Video: Bosco backup QB with 85-yard throw
D.J. Uiagalelei will be a backup this season but he has a huge arm.
He stands 6-foot-5, weighs 240 pounds, throws the ball at least 80 yards, Alabama and USC are among his 10 college offers and he's only 16-years-old. D.J. Uiagalelei
might be the best and most interesting backup quarterback in the country.
On Wednesday at a quarterback camp in Southern California, the rising St. John Bosco (Bellflower, Calif.)
sophomore was shown all over the internet hitting the crossbar with a toss from the 35-yard line — on the other side of the 50.
That took some of the attention from Harrison (Kennesaw, Ga.)
senior Justin Fields
, who just this week moved up as the No. 1 recruit in the country by 247Sports. At the same camp, Fields was filmed throwing a ball that landed 75 yards away.

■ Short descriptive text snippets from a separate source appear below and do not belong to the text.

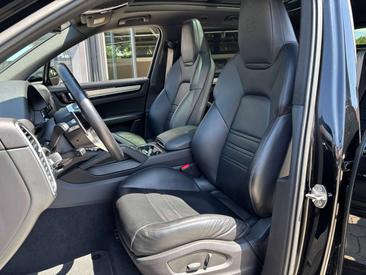 Porsche Cayenne S — photo 13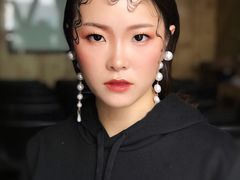 -金夫人化妆摄影职业培训学校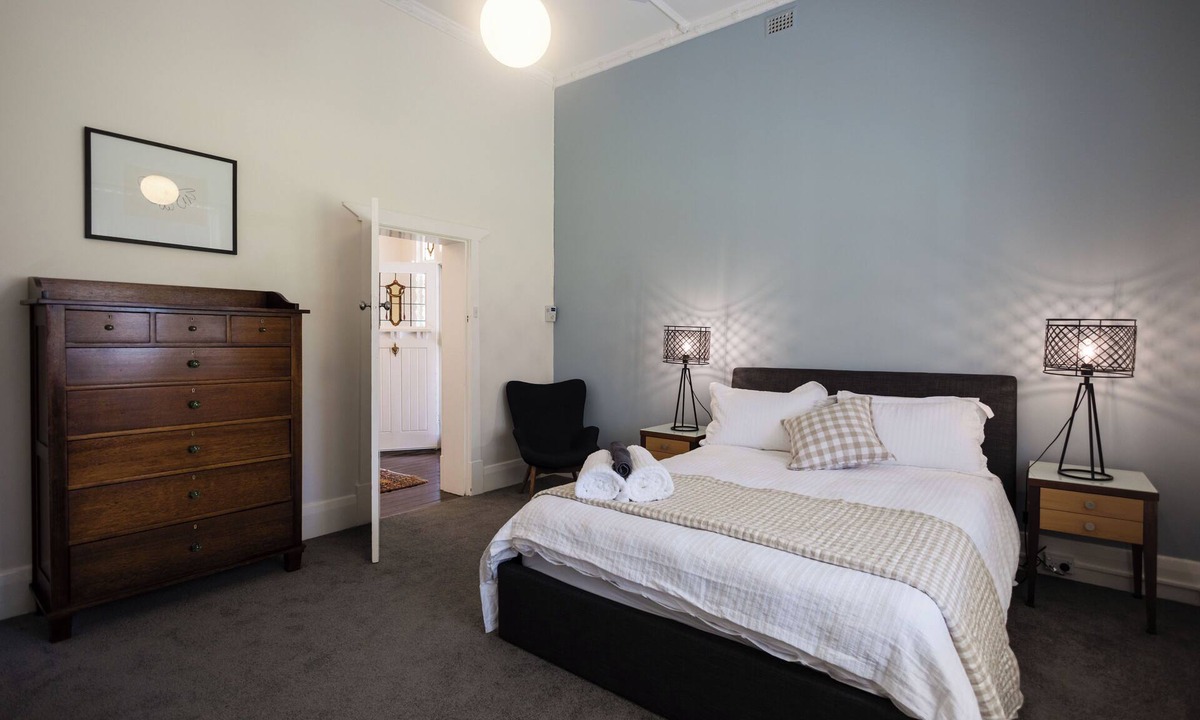 Clare Villa | Hope House is a large spacious villa in the Heart of Clare.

"He's a big, massive, athletic kid with a ton of arm strength," said Bosco coach Jason Negro of Uiagalelei. "Better than that, he's a great kid from a great family and a great teammate."
The problem — or advantage — for the big, likeable kid is that he plays behind 5-10, 190-pound Re-al Mitchell
, the ultra-speedy and athletic Iowa State commit who last season as a junior led the 13-2 Braves to a California Open Division title and No. 6 national ranking.
Mitchell threw for 2,932 yards and 30 touchdowns and ran for 1,058 and 15 more scores in Bosco's high-octane zone-read attack.
Uiagalelei threw for more than 4,000 yards and 35 touchdowns on the Bosco freshman team last season, including wins over Bishop Gorman (Las Vegas) and Centennial (Corona, Calif.).
"He pretty much dominated frosh games," Negro said.
Those games were on Thursday and he suited up for the Braves on Friday but didn't take any snaps.
He definitely will this season and be a significant contributor, Negro said.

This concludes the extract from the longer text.